Uma relação amorosa é por natureza um compromisso. Uma plataforma que acrescenta algo. A pessoa A tem a sua vida que deve ser suficientemente preenchida para não depender a nenhum nível da pessoa B que deve ter o mesmo procedimento. Depois existe um espaço de relação que é um espaço de liberdade. Claro, de confiança e de respeito. Mas um espaço de liberdade. Que começa, acaba quando uma das partes quer. E que tem entendimentos, espaços e procedimentos que ambas as pessoas concordam – e que podem mudar ao longo do tempo. Se determinada pessoa toma a sua decisão – livre – de ter uma relação sexual com uma terceira pessoa cabe ao outro parceiro tomar uma de duas decisões: Continuar na relação ou terminar a relação. Não legitima por um segundo a violência.

 

E sobre isto introduzir um último tópico: As relações sexuais no contexto de um namoro ou de um casamento também não são obrigatórias. Nem a frequência, nem a intensidade, nem a diversidade.

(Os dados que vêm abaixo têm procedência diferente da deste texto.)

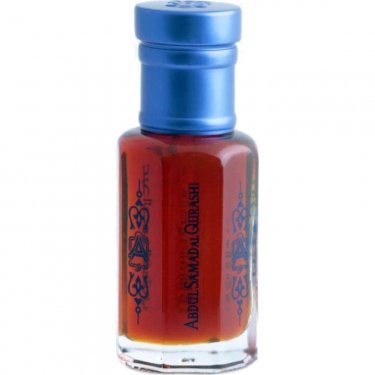 Sultana Nahid Blend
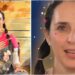 ¡No la perdonan! Irán Castillo debuta como cantante infantil y le llueven las criticas: "Ya duérmase señora"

Forçar uma relação sexual num contexto de namoro é crime: Chama-se violação.

 

As pessoas deveriam parar com a ideia obcecada e quase ditatorial com que observam as relações. Talvez se compreendessem um pouco mais essa ideia nos poupássemos enquanto sociedade a crimes gravíssimos como o decidido por este Tribunal. E, ato contínuo, nos pouparíamos a sentenças – e sobretudo aos fundamentos que motivam a sentença – absolutamente inacreditáveis como aqueles que agora foram trazidos a lume.